Netflix expects the transaction to close in 12 to 18 months, following the separation of Warner Bros. Discovery’s Global Networks division, which will form a separate public company named Discovery Global.

The “move (by Paramount) was entirely expected. We have a deal done, and we are incredibly happy with the deal,” Sarandos said. “We’re super confident we’re going to get it across the line and finish.”

Money details

The financing aspects of both deals, however, involve more players. Netflix is looking to borrow $59 billion from Wall Street banks in temporary loans to finance the deal. Paramount, on the other hand, is going into $54 billion of debt commitments from Bank of America Corp., Citigroup Inc. and Apollo Global Management Inc. The Ellison family and RedBird Capital Partners Management will backstop the equity for the acquisition. 

Paramount said Saudi Arabia’s Public Investment Fund, Abu Dhabi’s L’imad Holding Co. PJSC, Qatar Investment Authority and Affinity Partners under A Fin Management, the investment fund of President Donald Trump’s son-in-law Jared Kushner, also agreed to back the deal. 

Since the bidding war broke out Dec. 5, Paramount’s share rose more than 5% to close at $14.12 on Dec. 11, while Netflix slid by 6% closing at $94.09.

Warner Bros. Discovery’s stock rose 13% to close at $29.53 a share on Wednesday, following reports that said Paramount can increase its offer from the current price point of $30 a share.

If Netflix successfully completes the deal, it will combine its highest-grossing streaming service with HBO Max, which is not far down the list. The vertical integration has raised questions about whether the deal will violate antitrust laws. 

“In an industry that’s in dire straits, a horizontal combination is less problematic than a vertical combination, especially a vertical combination involving the dominant player,” said Jonathan Handel, an entertainment lawyer at Feig Finkel. “The Paramount deal is probably less vulnerable to antitrust objections than the Netflix deal.”

Why WBD?

Both Netflix and Paramount may have their eyes on Warner Bros.

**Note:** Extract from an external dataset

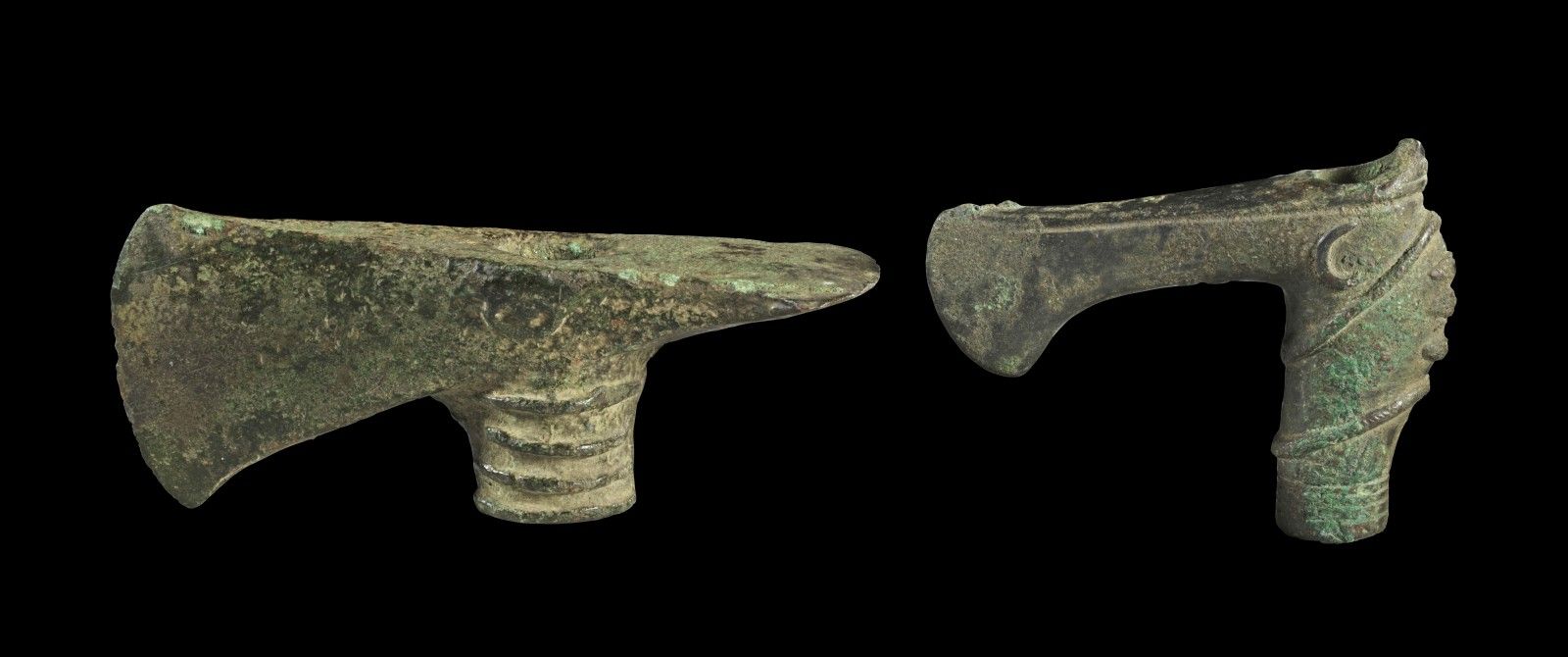 Null 青铜斧头。鲁里斯坦，公元前8-7世纪。 a) 高5厘米，长14.5厘米。劈柴斧。短小的管状水口，垂直的、略微外翻的叶片，边缘呈圆形，颈部叶片呈水平状。&hellip;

Discovery because of its popular intellectual properties and extensive catalog, suggests Corey N. Martin, Managing Partner of Granderson Des Rochers, a Beverly Hills-based law firm that focuses on entertainment and media.

Iconic titles such as Harry Potter and the DC superheroes are especially attractive, because they can be mined for sequels, prequels and additional IPs.

“From the standpoint of Paramount, who has ambitions of creating an entertainment conglomerate, that can challenge Disney and Netflix,” Martin pointed out.

Netflix, similarly, covets Warner Bros. Studios’ centenarian library, which it can use to build more content, especially given its lackluster performance in earning prestigious film awards despite making critically acclaimed films such as “Roma” and “Marriage Story.”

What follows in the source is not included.